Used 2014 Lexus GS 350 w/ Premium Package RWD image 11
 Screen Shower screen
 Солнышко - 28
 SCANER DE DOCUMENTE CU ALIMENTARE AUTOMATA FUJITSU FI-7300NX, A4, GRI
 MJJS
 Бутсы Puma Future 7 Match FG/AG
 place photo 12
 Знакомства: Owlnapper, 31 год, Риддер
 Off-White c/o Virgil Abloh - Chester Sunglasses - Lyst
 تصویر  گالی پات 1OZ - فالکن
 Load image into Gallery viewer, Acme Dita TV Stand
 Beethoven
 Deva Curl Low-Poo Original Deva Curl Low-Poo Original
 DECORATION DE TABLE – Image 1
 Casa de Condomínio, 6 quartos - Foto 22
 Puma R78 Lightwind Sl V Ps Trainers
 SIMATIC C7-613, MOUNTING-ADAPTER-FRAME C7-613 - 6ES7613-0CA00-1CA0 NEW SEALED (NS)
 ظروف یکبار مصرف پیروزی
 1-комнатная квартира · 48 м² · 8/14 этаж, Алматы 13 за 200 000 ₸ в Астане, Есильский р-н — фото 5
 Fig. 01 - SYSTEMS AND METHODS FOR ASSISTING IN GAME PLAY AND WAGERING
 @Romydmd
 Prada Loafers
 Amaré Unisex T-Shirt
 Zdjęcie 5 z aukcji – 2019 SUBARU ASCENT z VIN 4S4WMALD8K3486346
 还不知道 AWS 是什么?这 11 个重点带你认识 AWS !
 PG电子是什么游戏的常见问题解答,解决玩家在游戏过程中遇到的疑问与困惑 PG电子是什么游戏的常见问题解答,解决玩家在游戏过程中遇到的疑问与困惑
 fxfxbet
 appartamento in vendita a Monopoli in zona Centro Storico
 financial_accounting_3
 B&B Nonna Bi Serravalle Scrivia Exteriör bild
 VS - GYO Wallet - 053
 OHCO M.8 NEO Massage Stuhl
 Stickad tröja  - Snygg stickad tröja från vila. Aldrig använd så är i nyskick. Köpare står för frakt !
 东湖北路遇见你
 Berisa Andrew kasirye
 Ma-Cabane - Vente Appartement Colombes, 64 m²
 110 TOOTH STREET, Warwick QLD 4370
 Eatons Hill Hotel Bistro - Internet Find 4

**What needs to be done**
Your job is to copy all the records exactly.

**Exercise answer**
Used 2014 Lexus GS 350 w/ Premium Package RWD image 11
 Screen Shower screen
 Солнышко - 28
 SCANER DE DOCUMENTE CU ALIMENTARE AUTOMATA FUJITSU FI-7300NX, A4, GRI
 MJJS
 Бутсы Puma Future 7 Match FG/AG
 place photo 12
 Знакомства: Owlnapper, 31 год, Риддер
 Off-White c/o Virgil Abloh - Chester Sunglasses - Lyst
 تصویر  گالی پات 1OZ - فالکن
 Load image into Gallery viewer, Acme Dita TV Stand
 Beethoven
 Deva Curl Low-Poo Original Deva Curl Low-Poo Original
 DECORATION DE TABLE – Image 1
 Casa de Condomínio, 6 quartos - Foto 22
 Puma R78 Lightwind Sl V Ps Trainers
 SIMATIC C7-613, MOUNTING-ADAPTER-FRAME C7-613 - 6ES7613-0CA00-1CA0 NEW SEALED (NS)
 ظروف یکبار مصرف پیروزی
 1-комнатная квартира · 48 м² · 8/14 этаж, Алматы 13 за 200 000 ₸ в Астане, Есильский р-н — фото 5
 Fig. 01 - SYSTEMS AND METHODS FOR ASSISTING IN GAME PLAY AND WAGERING
 @Romydmd
 Prada Loafers
 Amaré Unisex T-Shirt
 Zdjęcie 5 z aukcji – 2019 SUBARU ASCENT z VIN 4S4WMALD8K3486346
 还不知道 AWS 是什么?这 11 个重点带你认识 AWS !
 PG电子是什么游戏的常见问题解答,解决玩家在游戏过程中遇到的疑问与困惑 PG电子是什么游戏的常见问题解答,解决玩家在游戏过程中遇到的疑问与困惑
 fxfxbet
 appartamento in vendita a Monopoli in zona Centro Storico
 financial_accounting_3
 B&B Nonna Bi Serravalle Scrivia Exteriör bild
 VS - GYO Wallet - 053
 OHCO M.8 NEO Massage Stuhl
 Stickad tröja  - Snygg stickad tröja från vila. Aldrig använd så är i nyskick. Köpare står för frakt !
 东湖北路遇见你
 Berisa Andrew kasirye
 Ma-Cabane - Vente Appartement Colombes, 64 m²
 110 TOOTH STREET, Warwick QLD 4370
 Eatons Hill Hotel Bistro - Internet Find 4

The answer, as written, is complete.